#### DATA SHOWN ####

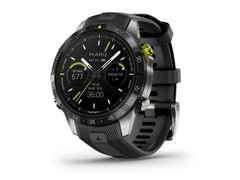 Garmin MARQ Athlete Gen 2 digital Titan 46mm schwarzes Kautschukband – Herrenuhren Uhr Multifunktion aus DLC beschichtet und Titan. Das Gehäuse ist rund und grau. Das Kautschuk / Kunststoff / Silikon Armband ist schwarz. Der Zifferblatt ist digital. – Ansicht 2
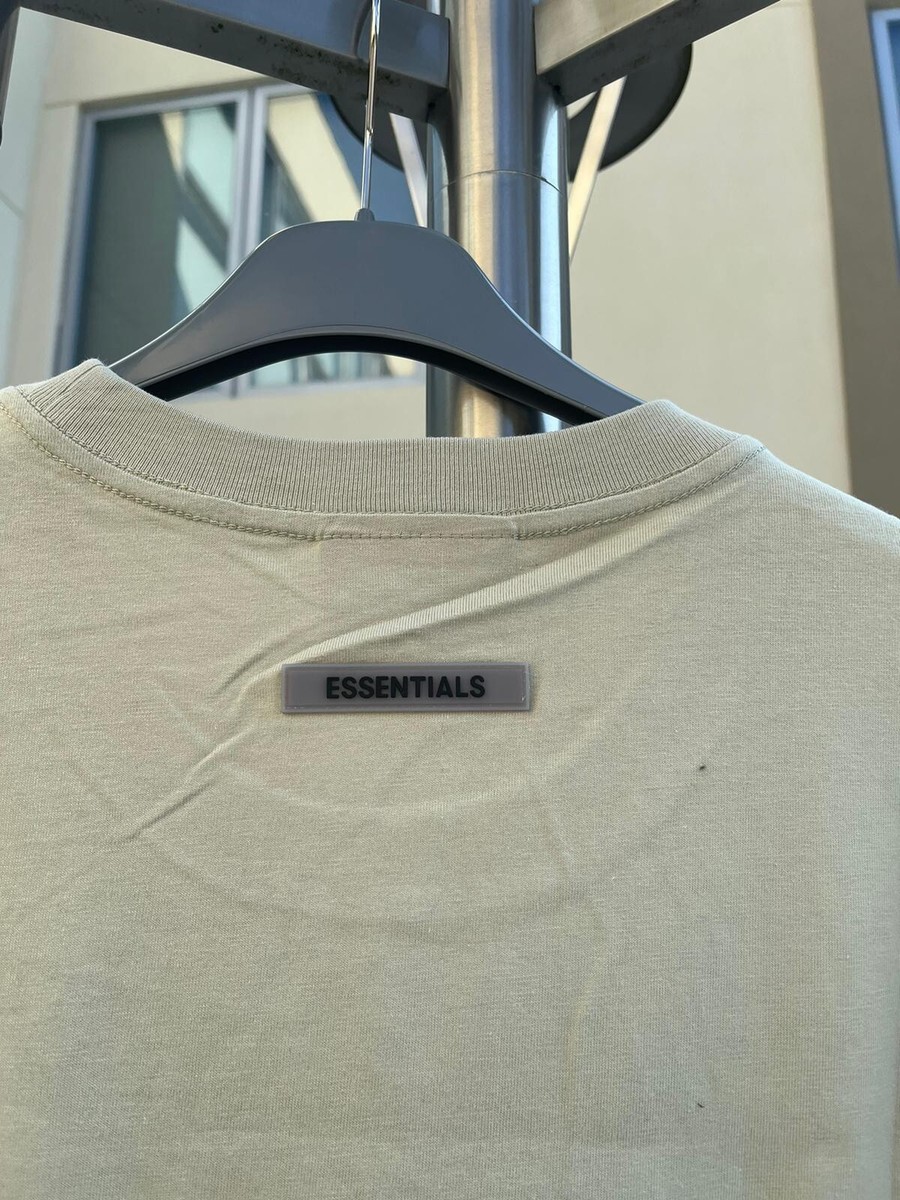 Tシャツ・カットソー FW17 FOG FEAR OF GOD ESSENTIALS BASIC T-SHIRT SILVER SAGE Fear of God , Essentials Logo T-Shirt / Tee, SS in Sage BNWT
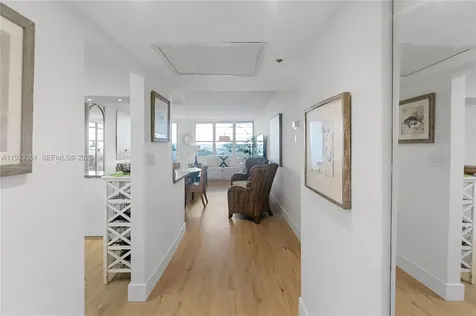 100 Lincoln Road Miami Beach FL 33139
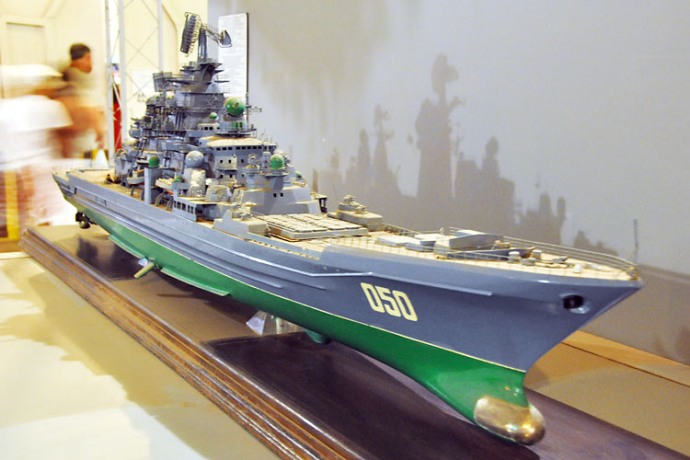 Модель тяжелого атомного ракетного крейсера пр. 1144.2 (Орлан) «Адмирал Нахимов»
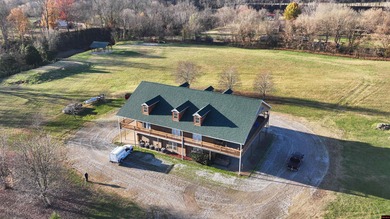 River Lodge features; 7 bedrooms, 9 baths, large conference room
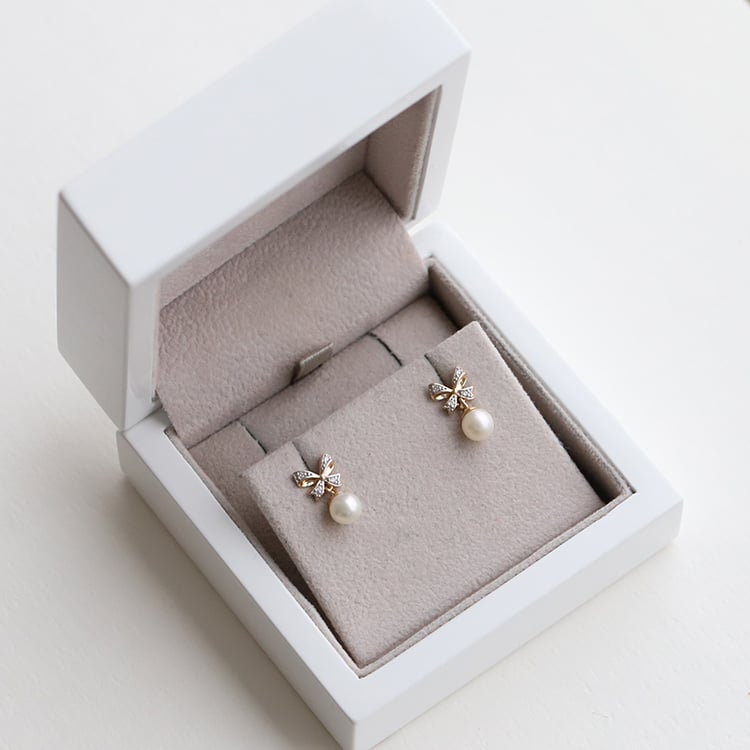 Perlová kolekce s mašlí a diamanty Cherlys 151881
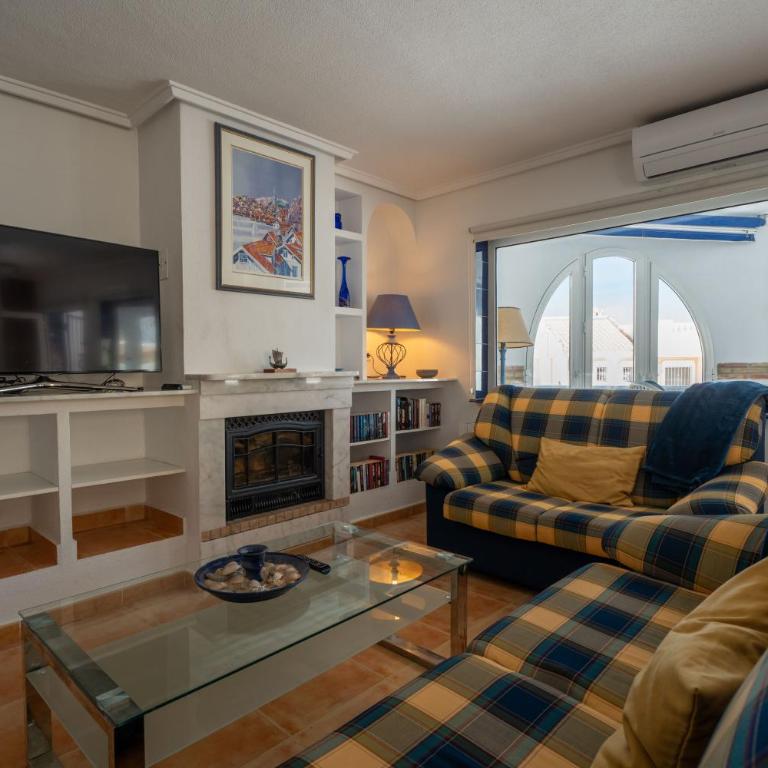 Casa Azul - Private Pool & BBQ - Three-Bedroom House - 26
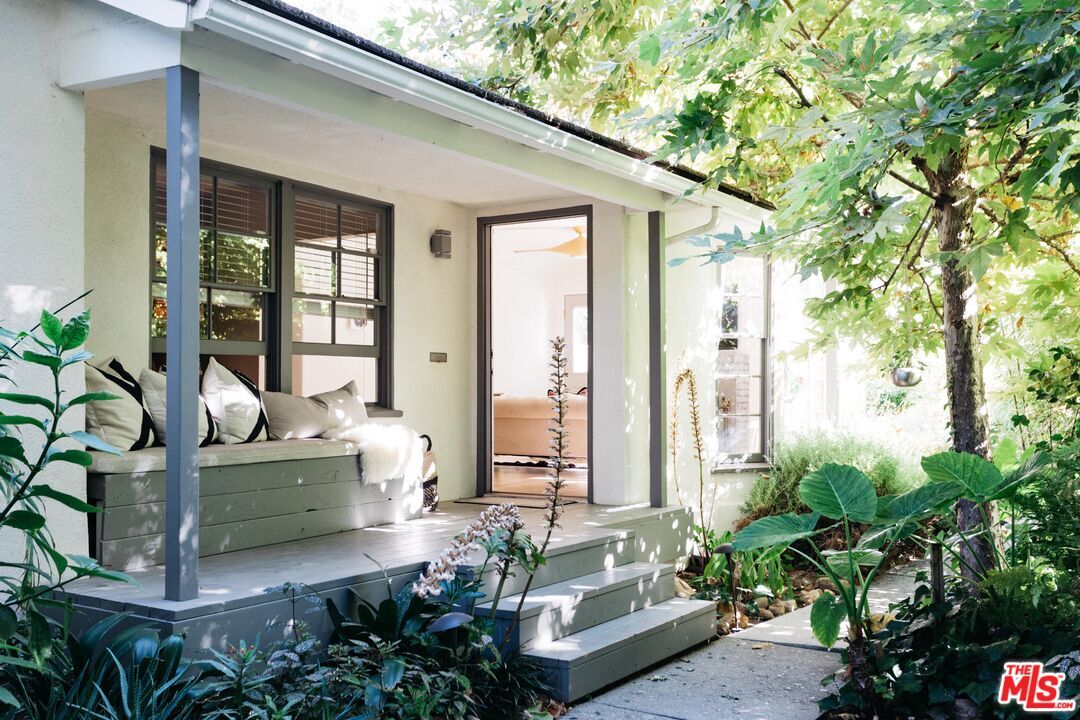 Primary Photo - 2230 Fink St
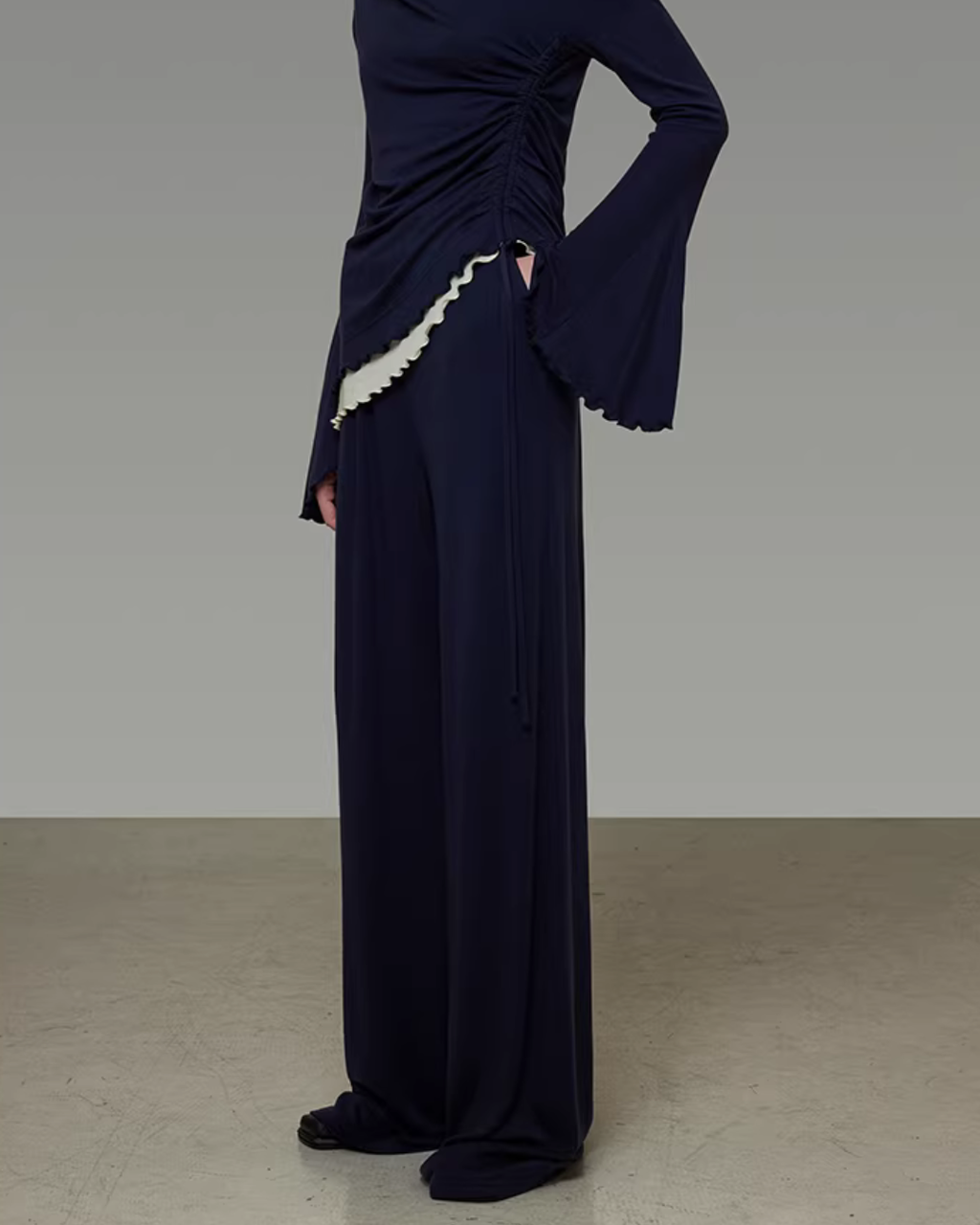 One-Shoulder Knit Top / Casual Pants / Draped Skirt UNS0023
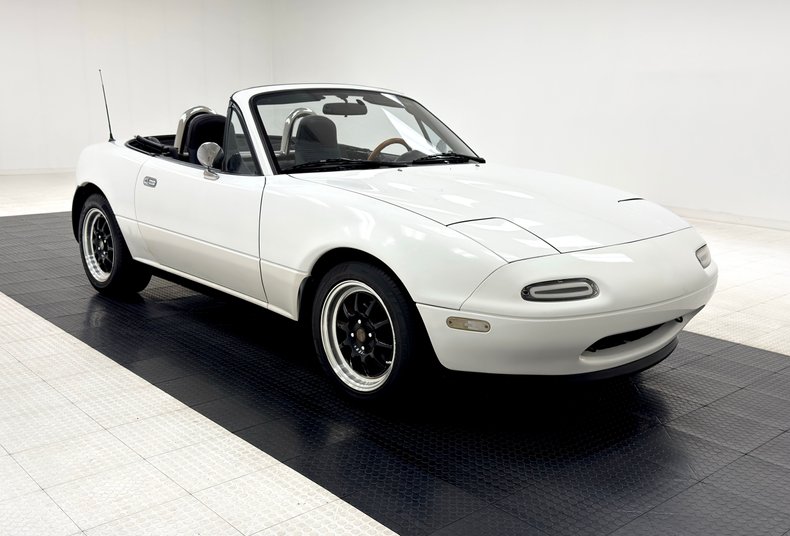 Mazda-Miata-1992-Crystal-White-Black-25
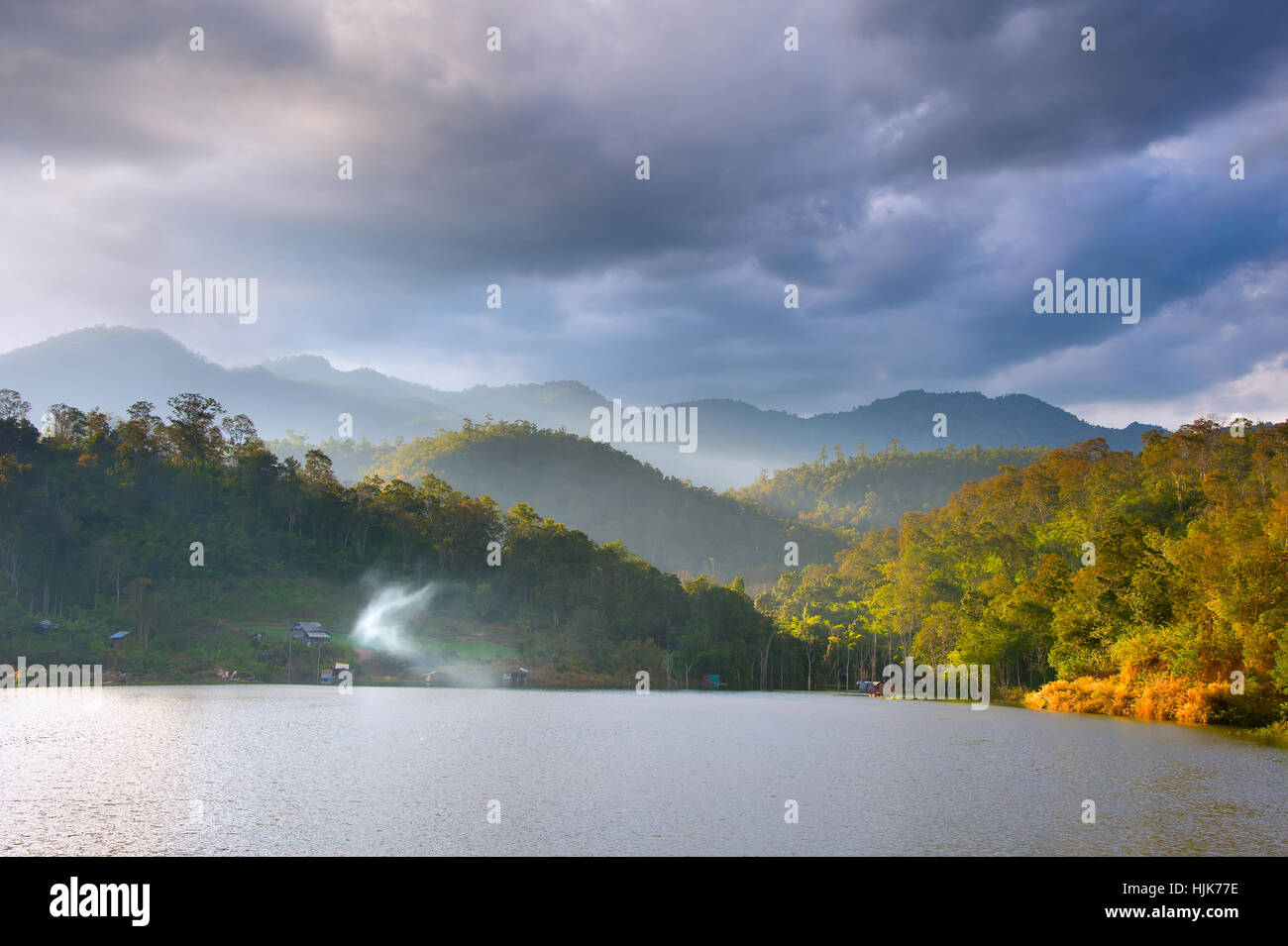 Landschaft mit See, Berge und schöne Wolken. Nord-Thailand. Pai Stockfoto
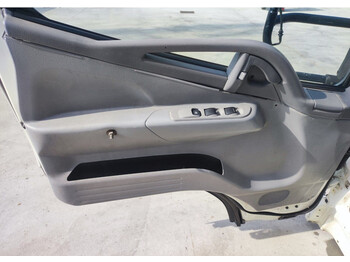 Cabina e interior para Camión Mitsubishi CANTER " S TYPE ": foto 5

####

[WHAT THE TASK ASKS]: The entries above must be restated exactly in the answer, and the pictures left out.

[ANSWER TO THIS EXERCISE]:
 Garmin MARQ Athlete Gen 2 digital Titan 46mm schwarzes Kautschukband – Herrenuhren Uhr Multifunktion aus DLC beschichtet und Titan. Das Gehäuse ist rund und grau. Das Kautschuk / Kunststoff / Silikon Armband ist schwarz. Der Zifferblatt ist digital. – Ansicht 2
 Tシャツ・カットソー FW17 FOG FEAR OF GOD ESSENTIALS BASIC T-SHIRT SILVER SAGE Fear of God , Essentials Logo T-Shirt / Tee, SS in Sage BNWT
 100 Lincoln Road Miami Beach FL 33139
 Модель тяжелого атомного ракетного крейсера пр. 1144.2 (Орлан) «Адмирал Нахимов»
 River Lodge features; 7 bedrooms, 9 baths, large conference room
 Perlová kolekce s mašlí a diamanty Cherlys 151881
 Casa Azul - Private Pool & BBQ - Three-Bedroom House - 26
 Primary Photo - 2230 Fink St
 One-Shoulder Knit Top / Casual Pants / Draped Skirt UNS0023
 Mazda-Miata-1992-Crystal-White-Black-25
 Landschaft mit See, Berge und schöne Wolken. Nord-Thailand. Pai Stockfoto
 Cabina e interior para Camión Mitsubishi CANTER " S TYPE ": foto 5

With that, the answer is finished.